## Your instructions
Could you output, word for word, only the lines from the line with "Small Natural Waterproof" to the end of the entries, including both ends? Omit the pictures.

Pictures with short captions
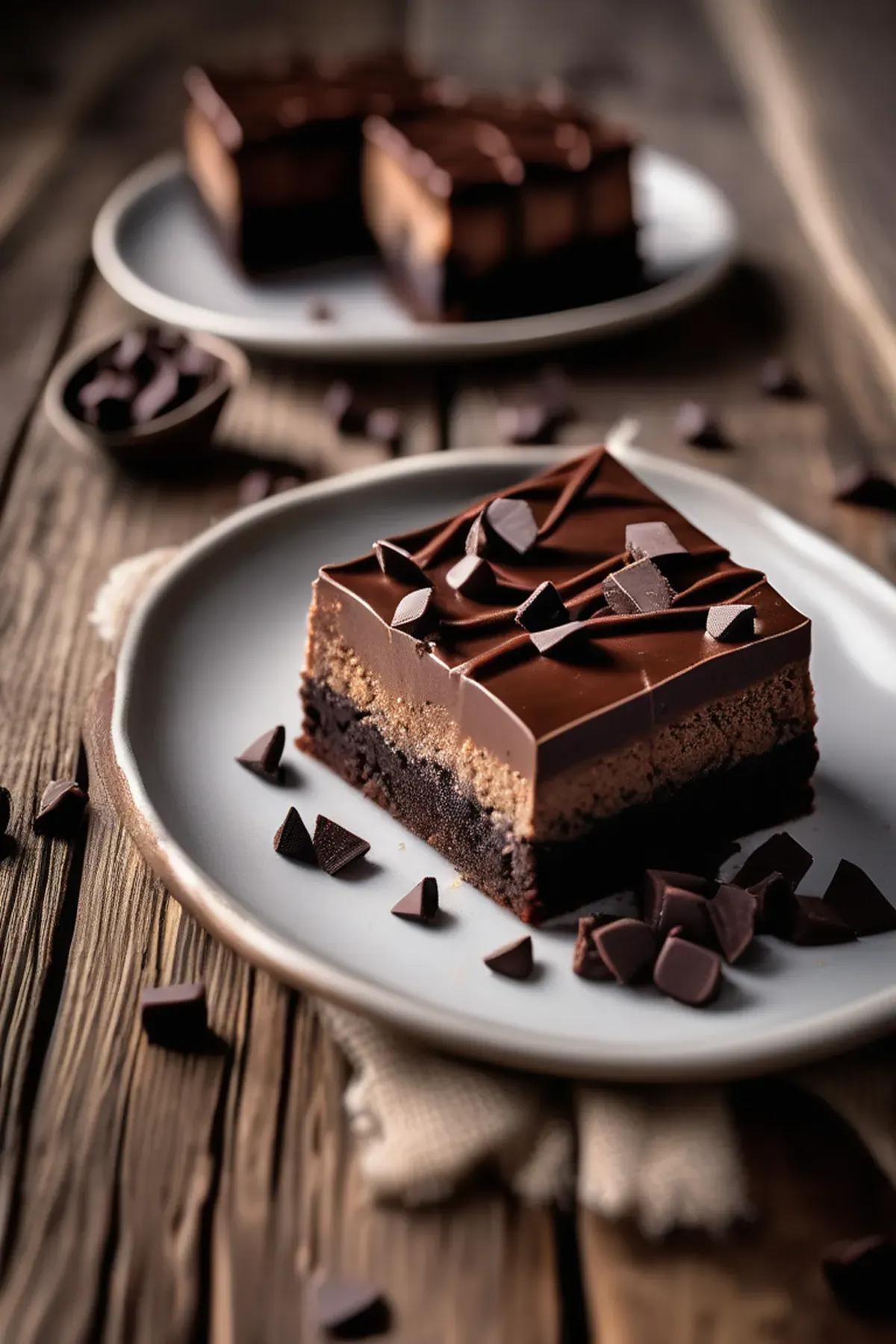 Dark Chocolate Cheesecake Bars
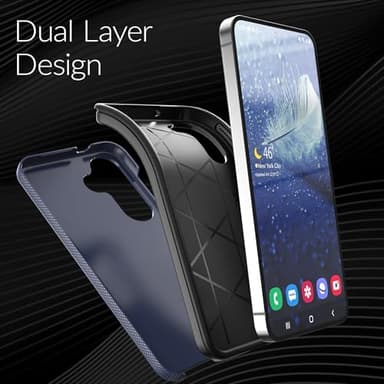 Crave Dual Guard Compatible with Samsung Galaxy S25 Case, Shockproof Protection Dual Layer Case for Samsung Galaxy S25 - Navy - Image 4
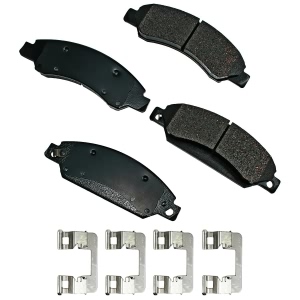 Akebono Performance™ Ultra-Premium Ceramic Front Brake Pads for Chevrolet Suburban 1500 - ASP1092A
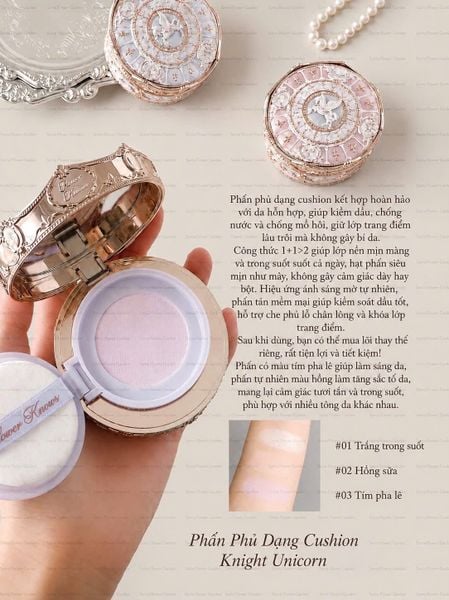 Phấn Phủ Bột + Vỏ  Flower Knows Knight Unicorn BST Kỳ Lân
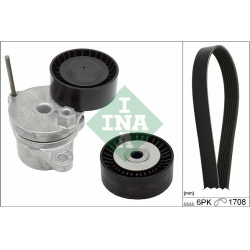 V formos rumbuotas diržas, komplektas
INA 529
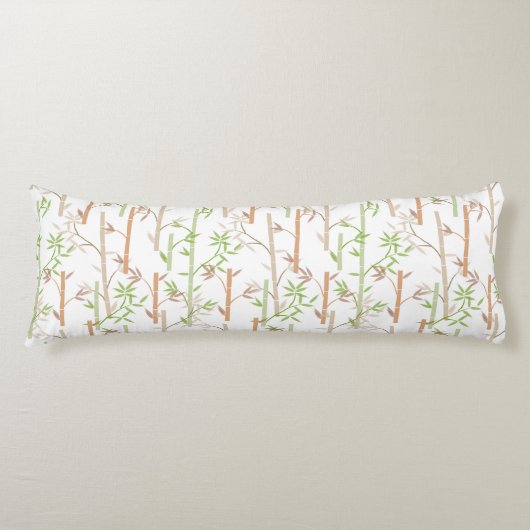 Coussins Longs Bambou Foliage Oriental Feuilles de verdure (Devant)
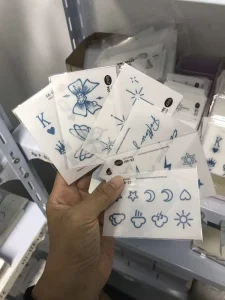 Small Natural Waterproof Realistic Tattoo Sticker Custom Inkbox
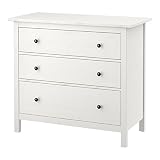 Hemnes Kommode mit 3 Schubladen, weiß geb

## Reply
 Small Natural Waterproof Realistic Tattoo Sticker Custom Inkbox
 Hemnes Kommode mit 3 Schubladen, weiß geb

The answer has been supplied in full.